A Cultural Revolution of Desire
Our culture, however, systematically confuses us about desire. We're taught to want things that can be bought and sold, measured and achieved. We're encouraged to stay in compensatory patterns rather than face the revolutionary implications of our authentic longing. Because a person in touch with their true desire threatens the entire machinery of consumption and control. This machinery depends on our confusion - on keeping us believing that satisfaction can be purchased, that love can be earned, that safety comes through control. The result is a kind of living death, where we go through the motions of life without ever touching its essence.

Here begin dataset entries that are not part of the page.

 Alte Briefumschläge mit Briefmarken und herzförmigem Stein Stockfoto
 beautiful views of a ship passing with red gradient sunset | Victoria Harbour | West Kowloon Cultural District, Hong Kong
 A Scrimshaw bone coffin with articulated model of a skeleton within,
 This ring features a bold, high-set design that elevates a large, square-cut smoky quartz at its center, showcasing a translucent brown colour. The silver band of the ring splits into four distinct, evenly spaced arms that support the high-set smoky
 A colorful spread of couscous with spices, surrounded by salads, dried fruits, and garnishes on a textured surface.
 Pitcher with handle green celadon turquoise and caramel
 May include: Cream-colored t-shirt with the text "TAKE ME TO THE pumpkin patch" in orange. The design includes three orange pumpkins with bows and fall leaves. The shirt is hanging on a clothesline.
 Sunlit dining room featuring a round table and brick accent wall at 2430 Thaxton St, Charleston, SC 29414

The way forward isn't through more sophisticated strategies of wanting or not-wanting, but through honest investigation of our desire itself. Not to fix it or transcend it, but to understand how it became tangled and let it gradually untangle itself. This untangling, though it may look like crisis, is actually the beginning of sanity.

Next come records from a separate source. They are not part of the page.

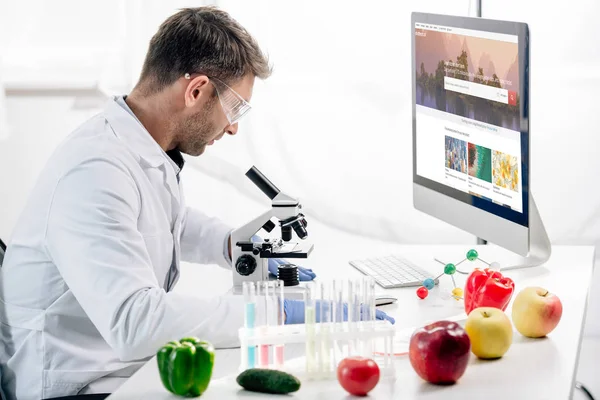 Kyiv, Ukraine - 4. Oktober 2019: Seitenansicht eines molekularen Ernährungswissenschaftlers am Computer mit Shutterstock-Website — Stockfoto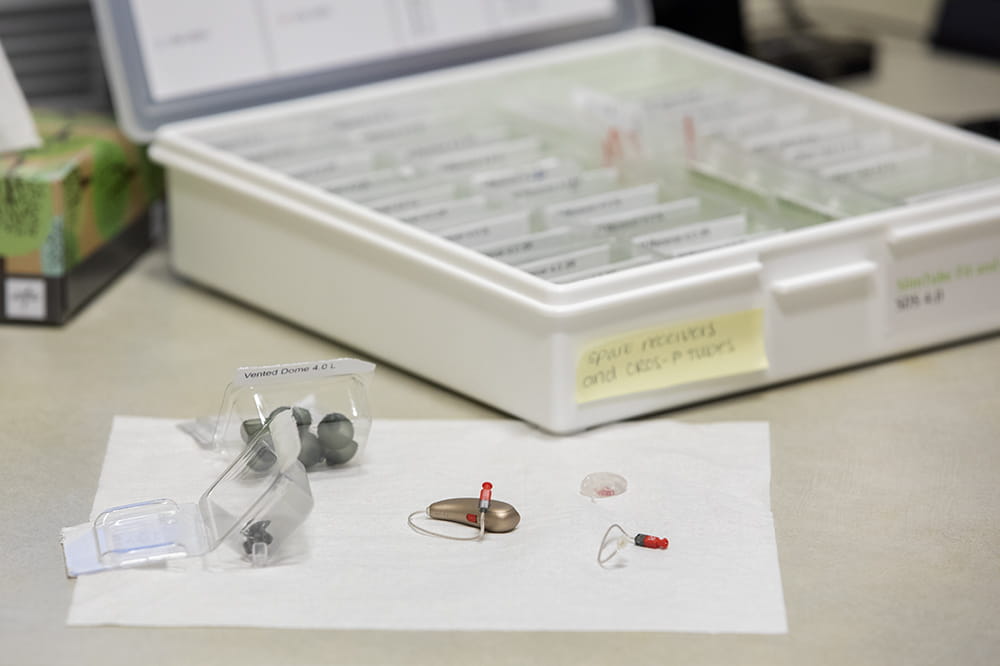 Small hearing aids and parts sit on a white napkin in front of an open box.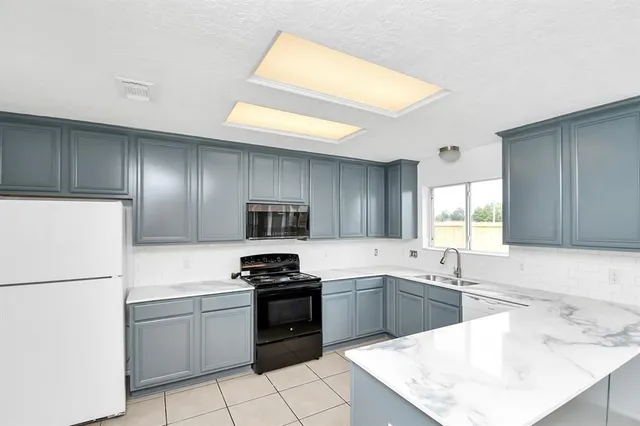 a kitchen with a sink a stove a refrigerator and a microwave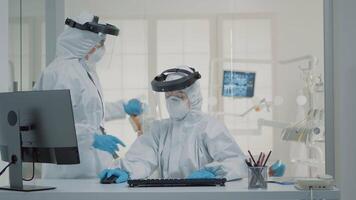 Medical stomatology staff working on teeth healthcare for patient at dental clinic, wearing protection suits. Nurse using modern computer at desk while dentist holding x ray for implant video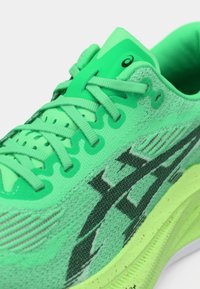 Neon zöld futócipő könnyű hálós felsőrésszel, texturált ráhajtásokkal, fekete logóval és párnázott talppal, mely pöttyös mintázatot tartalmaz.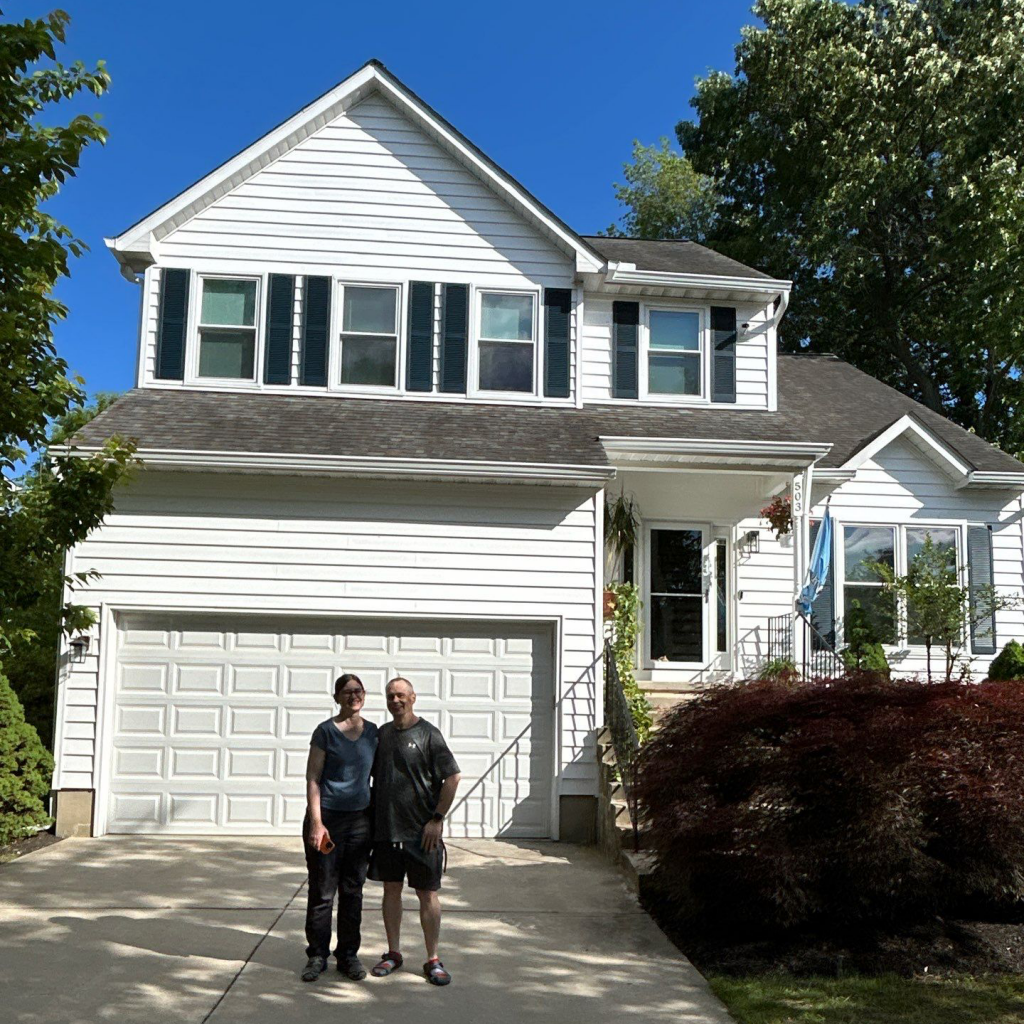 Couple standing outside a two-story white house under a clear blue sky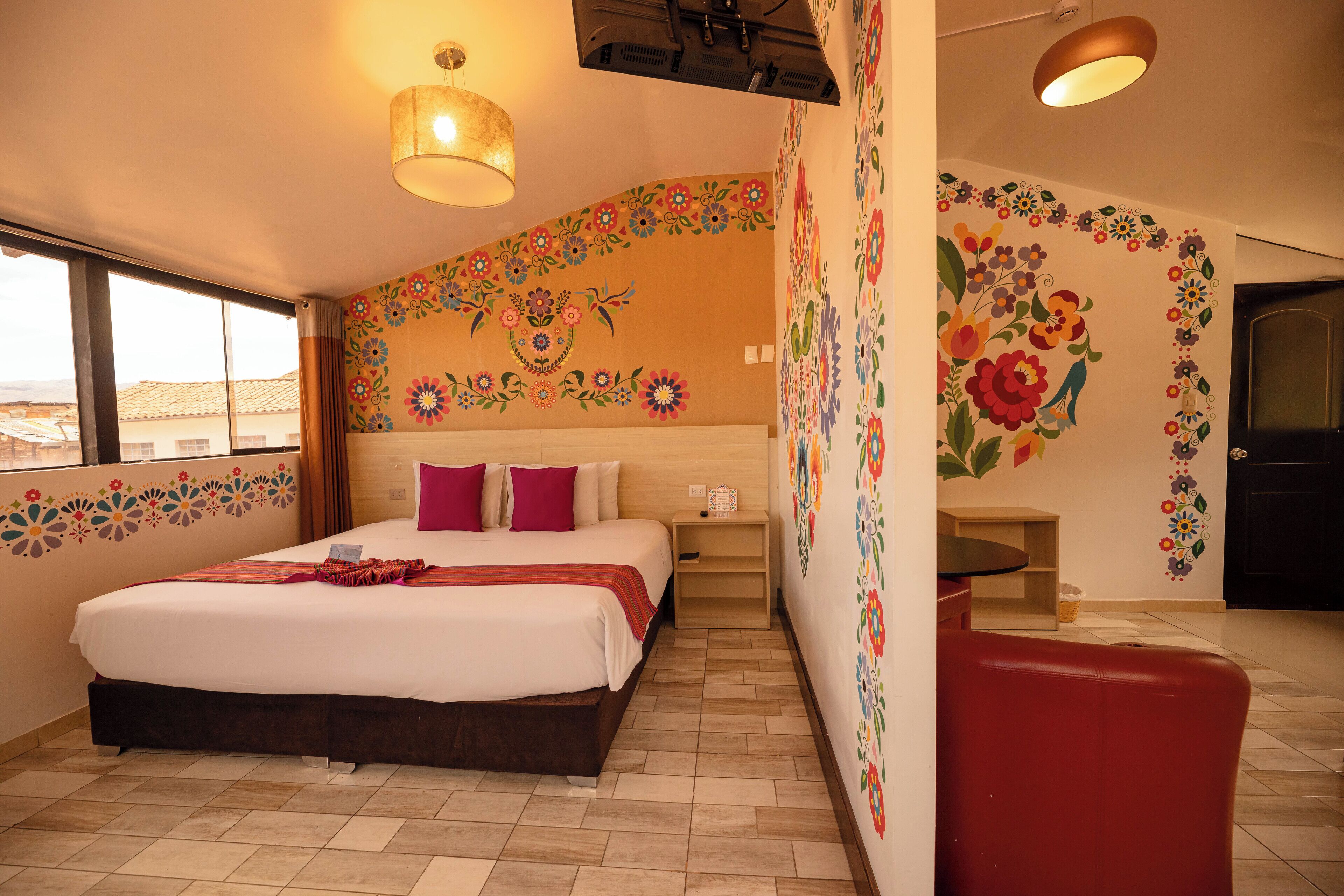 Un dormitorio con una cama grande, una silla roja y adornos florales en la pared.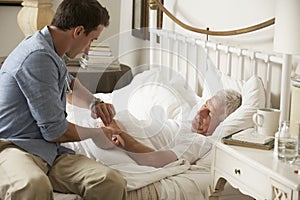 Doctor Taking Pulse Of Senior Male Patient In Bed At Home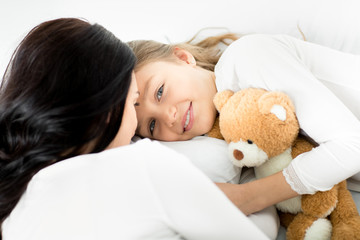 Adorable daughter with teddy bear and mother relaxing on bed at home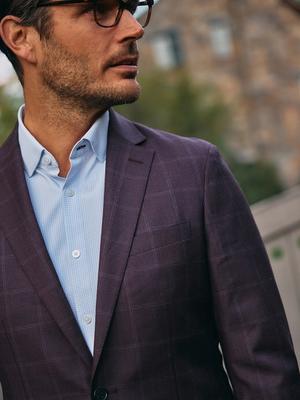A close-up portrait of a man wearing eyeglasses, a light blue micro-grid dress shirt, and a dark plum windowpane blazer.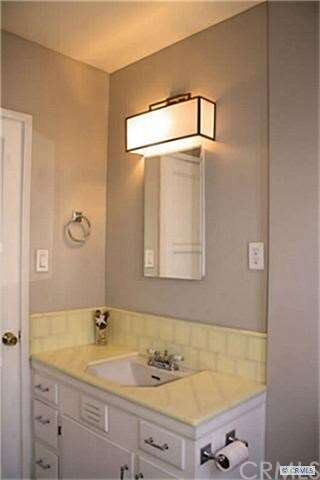 Bathroom with new tile floors, new shower door, an
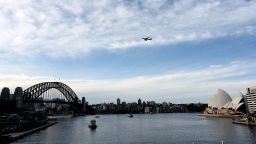 The last Qantas Boeing 747 airliner flies over the Sydney Harbour Bridge during its farewell flight to the US on July 22, 2020. - The downturn in the airline industry following travel restrictions imposed by the COVID-19 outbreak forced Qantas to retire its grounded 747s after flying with the Australian carrier for almost 50 years. (Photo by Saeed KHAN / AFP) (Photo by SAEED KHAN/AFP via Getty Images)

Work with me: I offer one-on-one guidance helping people develop secure attachment with reality through deep unfoldment work. If this resonates, explore working together
Beautiful words. There are moments when that Mary Oliver line has broken me open (breaking the living deathness spell) as if being stabbed through the mid-line by some poetic blade
Daniel, I have really enjoyed all of your posts but I have read this piece several times.
Through jhana practice, TRE, dreamwork and IPF, I acutely feel a lot of previously-repressed shame and insecurity at the moment. I hope that this means progress, but it's slow to move and I can find myself stewing in it. My regular commitment to practice falters and loses direction.
I understand you are busy with a series at the moment, but I would love to read more someday about the process of uncovering one's intrinsic desires, if it fit into your wider plans. It seems so crucial to have a connection to an erotic compass while trudging through the mess.
Thank you again for your important work.